Among BMW's last four CEOs over two decades, all came from production. This is unique among European luxury automakers. Mercedes' Ola Källenius started in sales; Volkswagen's Oliver Blume has a hybrid engineering-management background. But BMW insists on promoting CEOs from factory roles.
The Quandt family, holding 46% of BMW's shares, reflects majority shareholder will in personnel decisions. Not relying on stock sales for profits, they prioritize CEOs who build good cars, keep factories running, and avoid strategic blunders. Production-background executives best meet these criteria.
Yet this profile suggests Neukirchen will likely not rewrite Zipse's strategy.

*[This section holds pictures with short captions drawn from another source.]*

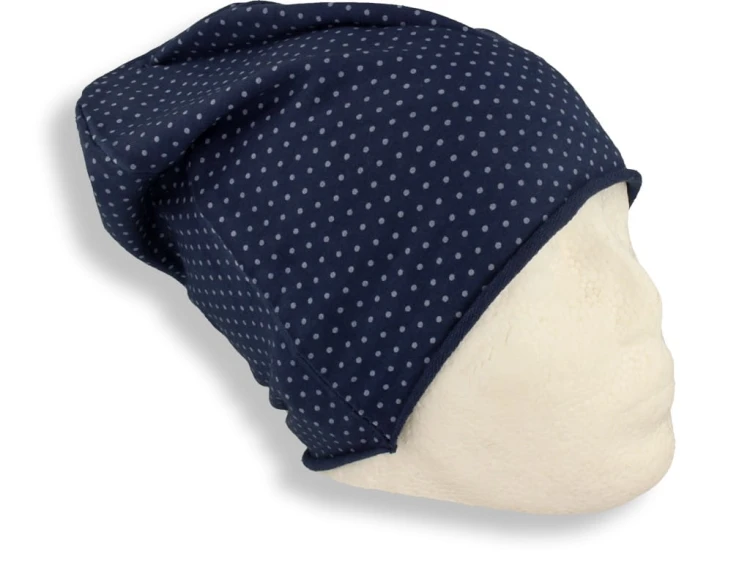 Czapka damska Beanie włoska cienka smerfetka granatowa w kropeczki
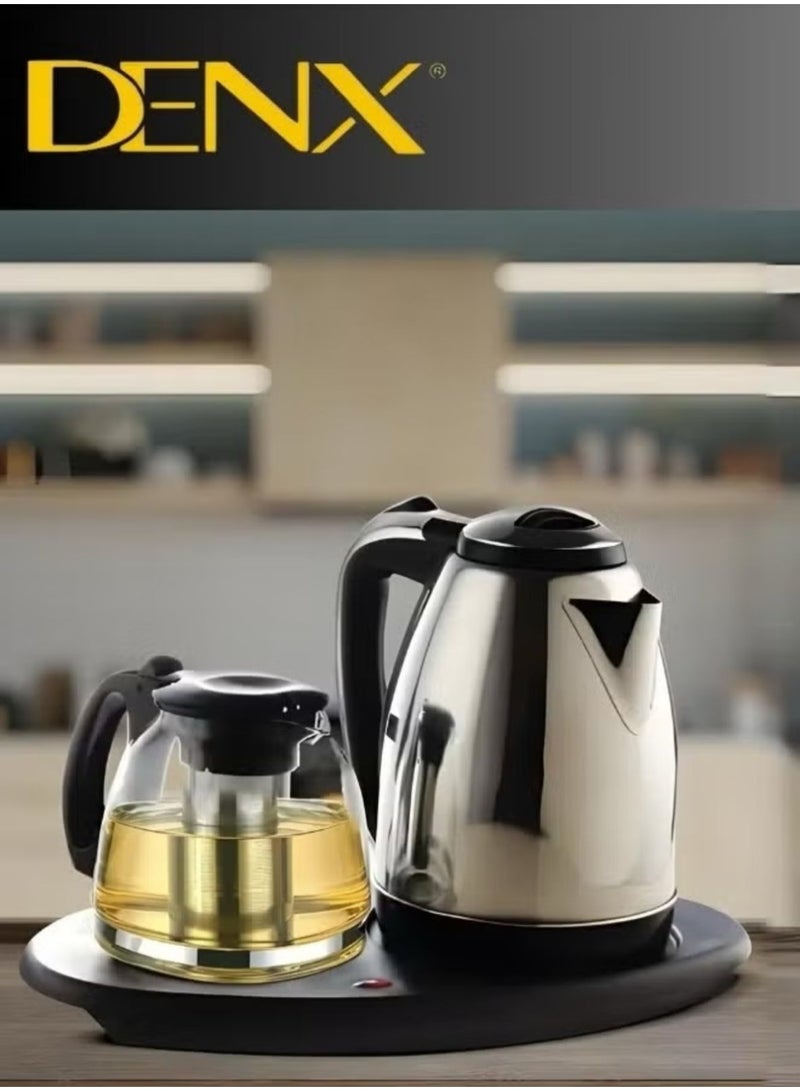 Denx Kettle With Tea Tray, Electric Kettle With Tea Tray & Automatic Shut-Off Feature, Transparent Glass Tea Maker With Filter - Image 1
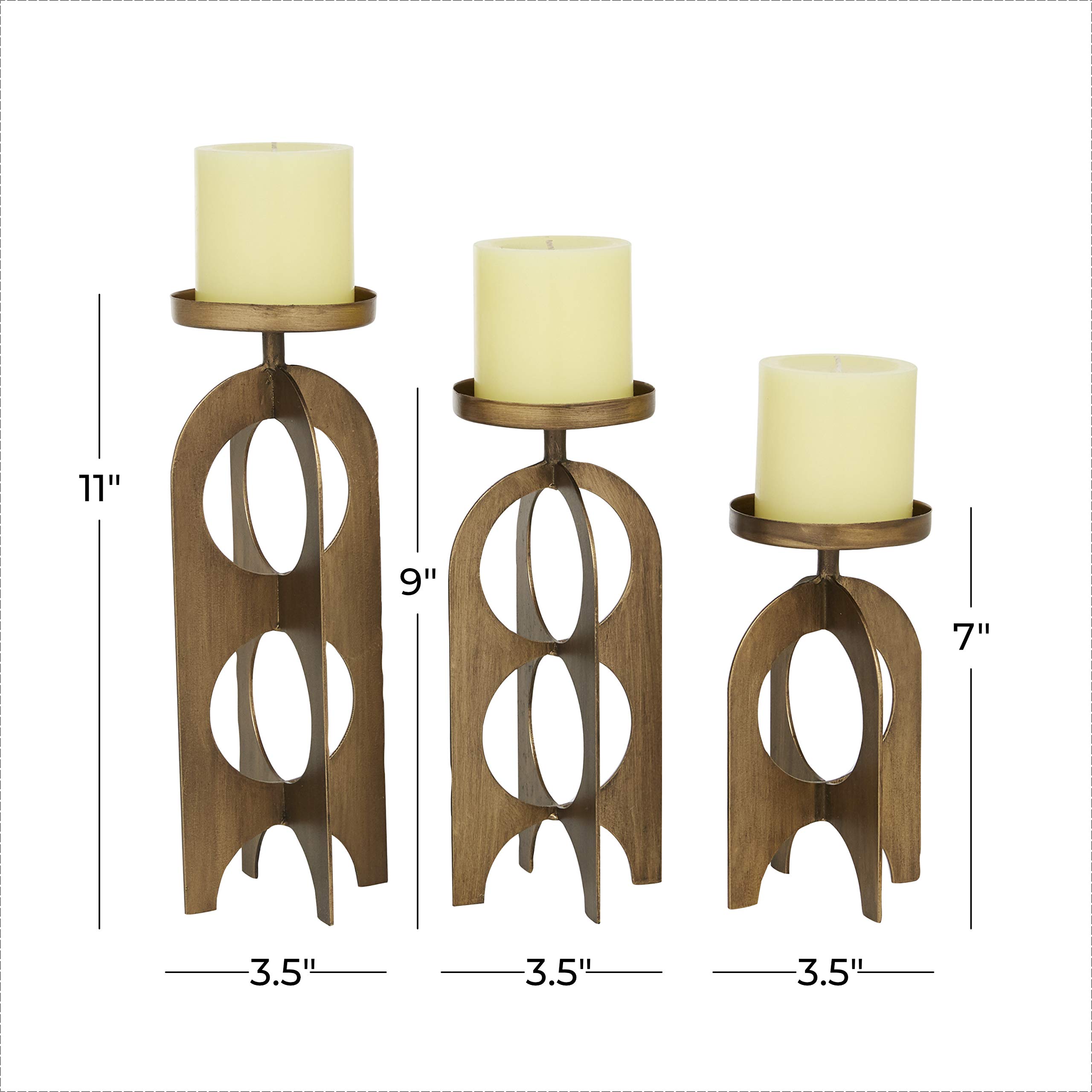 Deco 79 Set of 3 Gold Metal Handmade Decorative Candle Holders - 7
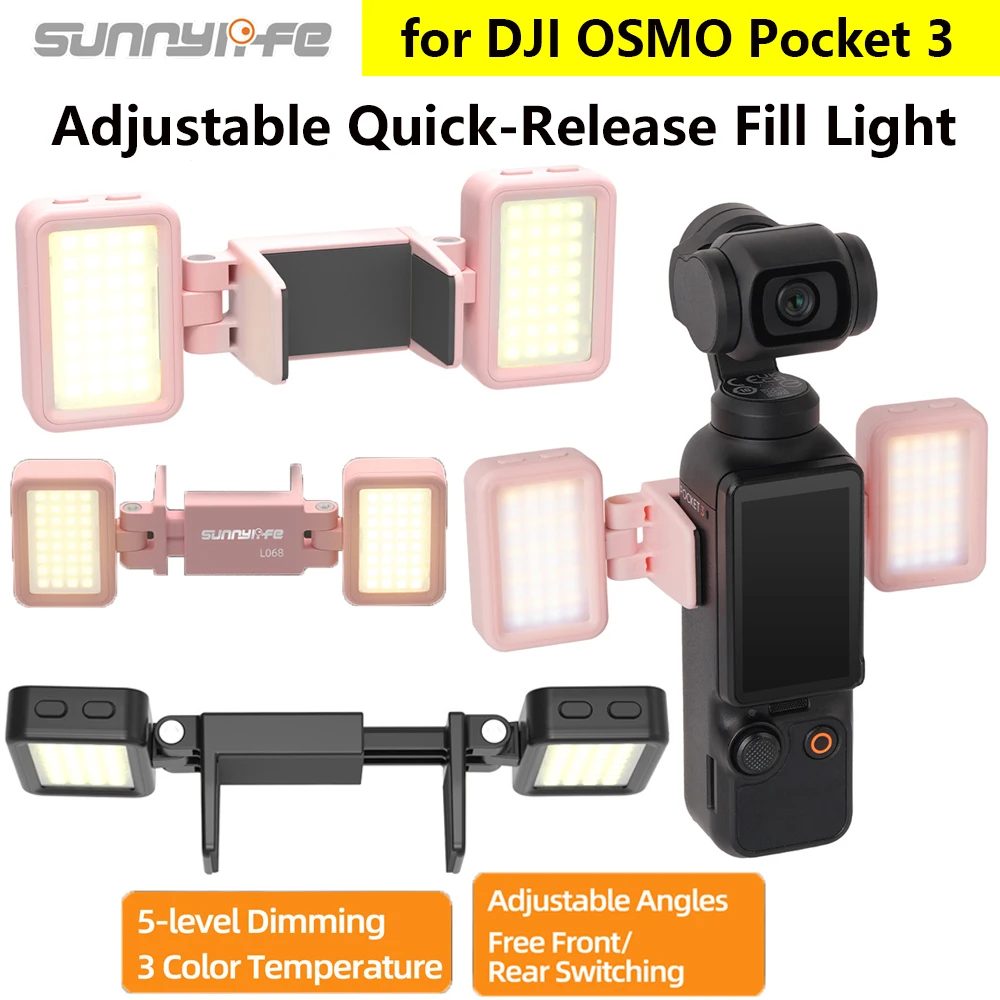 Sunnylife Quick Release Fill Light Video Photography Selfie Light For DJI OSMO Pocket 4/3 Camera LED Lamp Tri-Color Dimmable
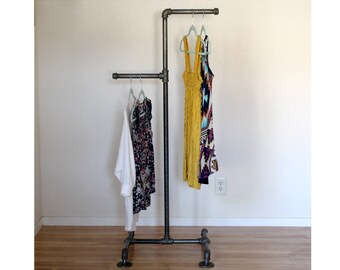 Industrial Clothing Rack - High Low Pipe Retail Display - Industrial Furniture - Clothing Display - Store Display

His task list is specific: the Neue Klasse iX3 is already ramping up production at Debrecen and Shenyang factories, with the i3 slated for August mass production (mass production). Dozens of models will launch by 2027, coinciding with synchronized commissioning of five battery factories across three continents.
The Neue Klasse must establish BMW's missing growth narrative—the true challenge.
European Q1 new orders hit a record seasonal high, with BEV orders up 62% year-on-year and iX3 orders alone exceeding 50,000. But in China, 625,000 units in 2025 represent an emergency defense line. Smart EV newcomers like Seres, Li Auto, Xiaomi, and NIO in the RMB 300,000-500,000 price range are rapidly encroaching on BMW's core market.
The pure EV track (segment) is now a red ocean. BMW's Neue Klasse iX3, i3, and long-wheelbase iX3L face not just the 2020 Tesla market but a 2026 landscape where all price points are covered by domestic players.
BMW has developed a long-wheelbase Neue Klasse version and adopted Chinese supplier solutions like Momenta's intelligent driving. Mercedes did the same with its all-new CLA late last year—and still failed. China's competition is too fierce.
Observing Neukirchen's public remarks in recent days, his keywords are "profitability and speed are critical." His contract runs through 2031. He may reduce BMW's bleeding during the transition but won't necessarily achieve successful transformation and renewed growth.
BMW must confront its real long-term issue: whether luxury brand premiums can persist in the electrification and smart era.
Thus, BMW needs external environment improvements more than ever.
Zipse concluded his speech: "Thank you, BMW, for 35 fulfilling, intense, and thrilling years." What he didn't say was that he leaves Neukirchen a BMW with half the profit, stressed market share, and untested transformation results compared to when he took over.
Whether it can switch from defense to offense is a question that BMW has not answered.